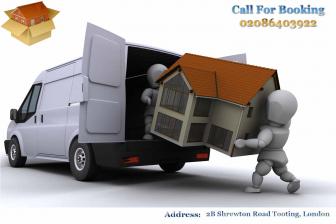 The House Removals - 02086403922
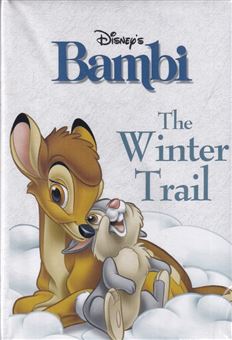 کتاب-bambi-the-winter-trail-11-اثر-کمپانی-والت-دیزنی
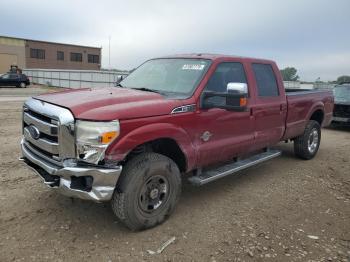  Salvage Ford F-350
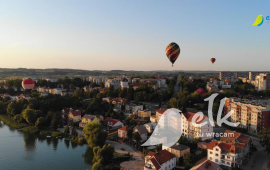 XV Concorso di mongolfiere della Masuria – guarda il video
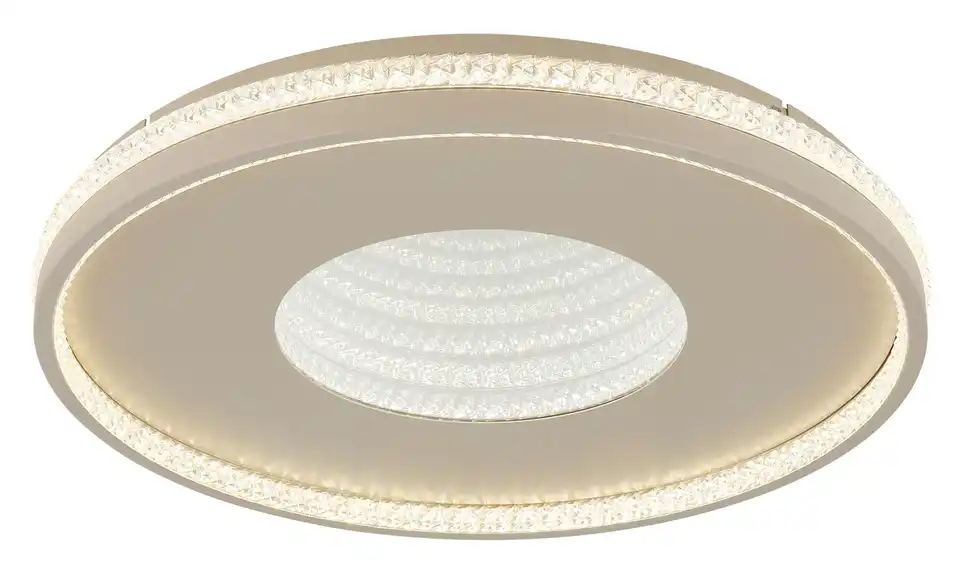 Globo Lighting Deckenleuchte, Frontansicht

::::

Without any pictures, please write out the lines from the one containing "XV Concorso di" through the final line of the data, exactly and inclusive of both ends.

 XV Concorso di mongolfiere della Masuria – guarda il video
 Globo Lighting Deckenleuchte, Frontansicht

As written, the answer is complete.